§ Task directions:
Which lines in the data below contain the string "woman"? Show each one.

====== Task inputs ======

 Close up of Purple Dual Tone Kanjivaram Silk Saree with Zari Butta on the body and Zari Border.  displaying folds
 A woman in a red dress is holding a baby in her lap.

======
====== Task inputs ======

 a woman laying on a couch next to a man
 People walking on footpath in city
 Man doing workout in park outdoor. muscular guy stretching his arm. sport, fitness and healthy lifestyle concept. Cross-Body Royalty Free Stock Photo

======
====== Task inputs ======

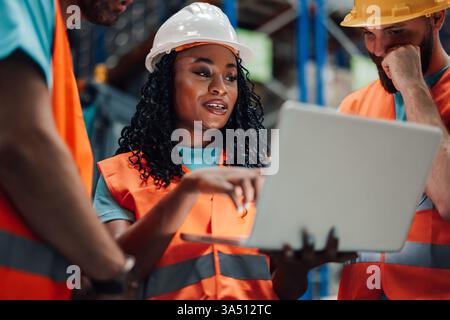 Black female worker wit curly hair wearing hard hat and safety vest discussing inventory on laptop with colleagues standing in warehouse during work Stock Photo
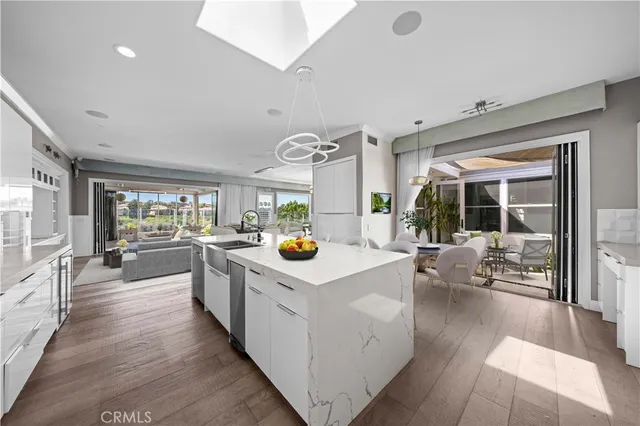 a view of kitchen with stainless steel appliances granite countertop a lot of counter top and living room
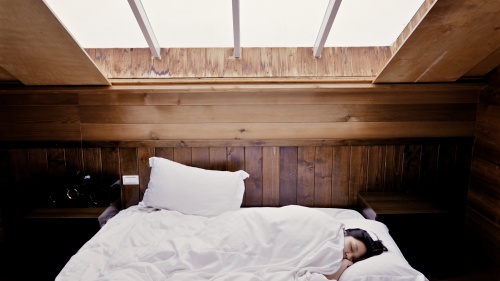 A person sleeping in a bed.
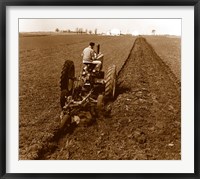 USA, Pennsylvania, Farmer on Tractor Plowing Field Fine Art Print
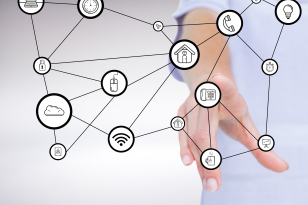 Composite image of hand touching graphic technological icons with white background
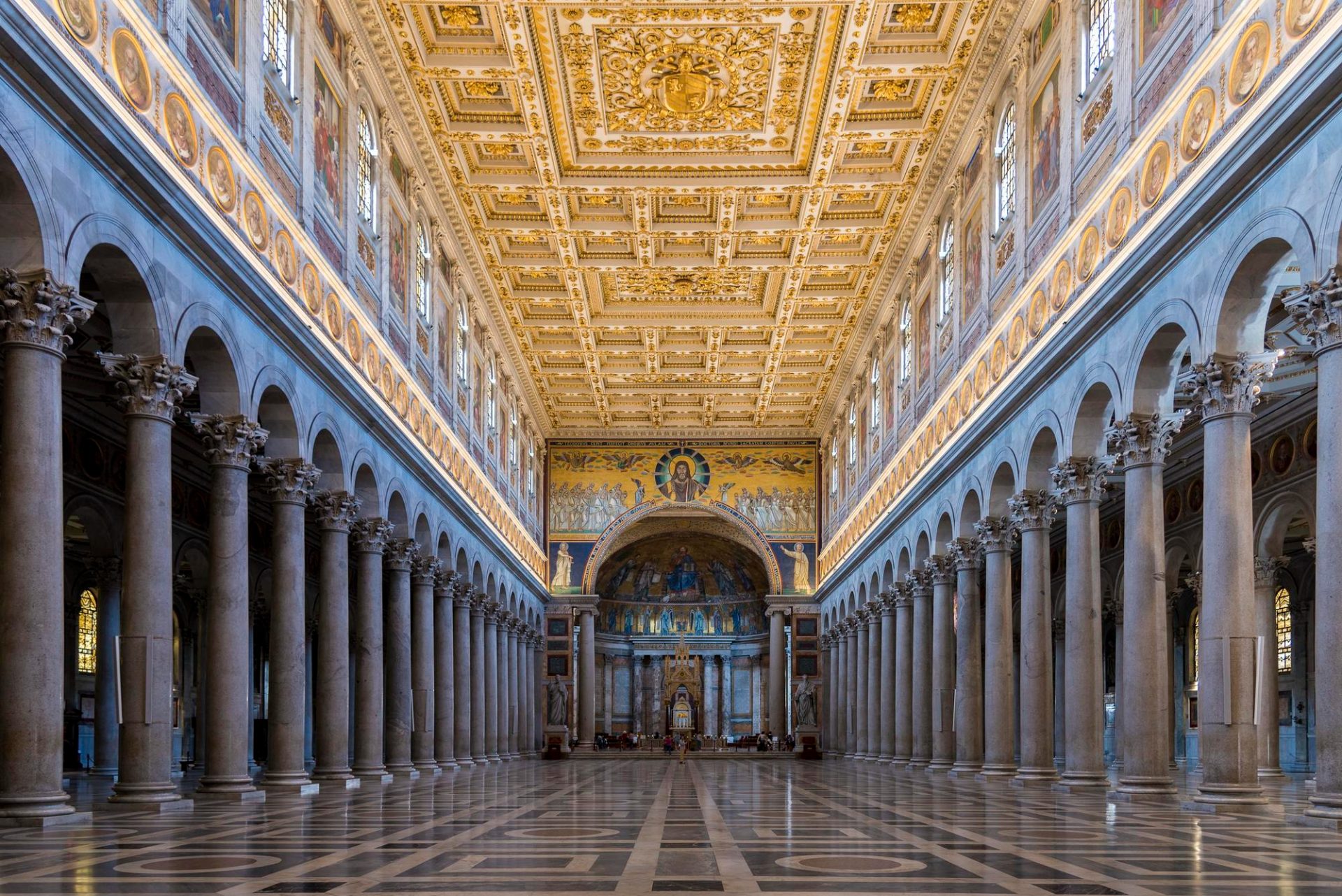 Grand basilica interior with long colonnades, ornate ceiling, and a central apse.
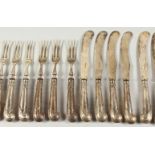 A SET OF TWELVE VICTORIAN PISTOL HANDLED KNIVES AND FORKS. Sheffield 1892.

======

§ Reply:
 A woman in a red dress is holding a baby in her lap.
 a woman laying on a couch next to a man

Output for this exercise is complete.